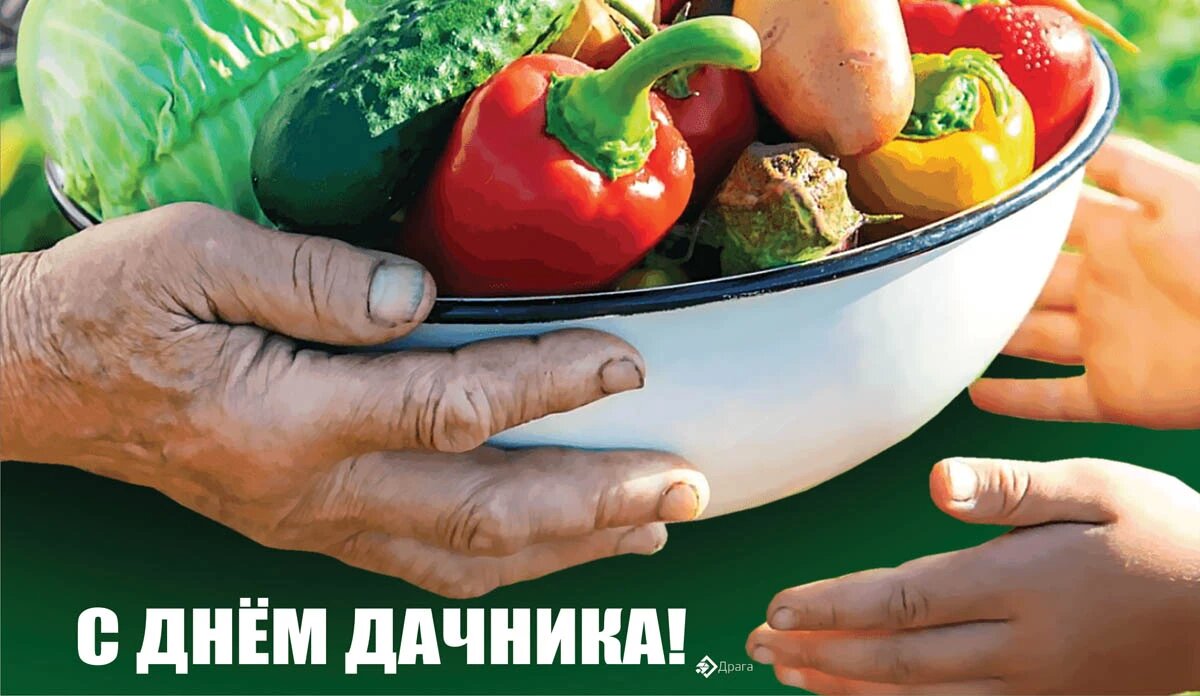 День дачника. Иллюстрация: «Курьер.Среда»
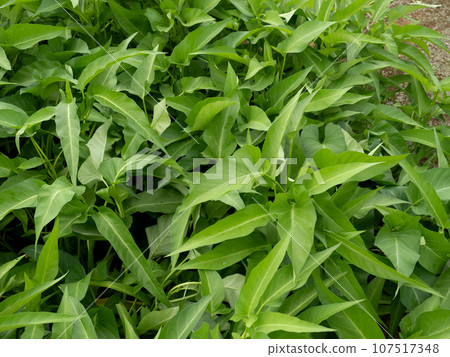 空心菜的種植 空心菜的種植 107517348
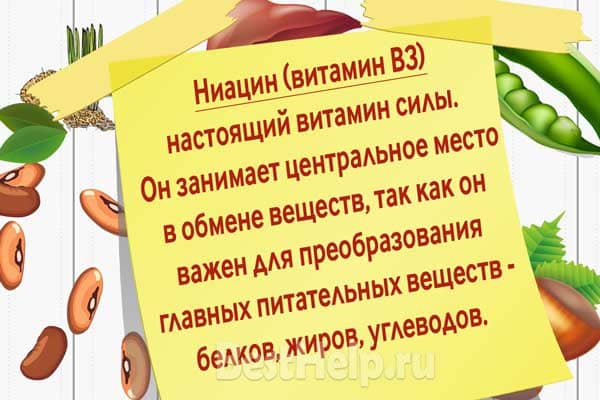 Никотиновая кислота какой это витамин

════════

▸ Problem
Could you restate the material word for word, omitting the pictures?

▸ Written response
 День дачника. Иллюстрация: «Курьер.Среда»
 空心菜的種植 空心菜的種植 107517348
 Никотиновая кислота какой это витамин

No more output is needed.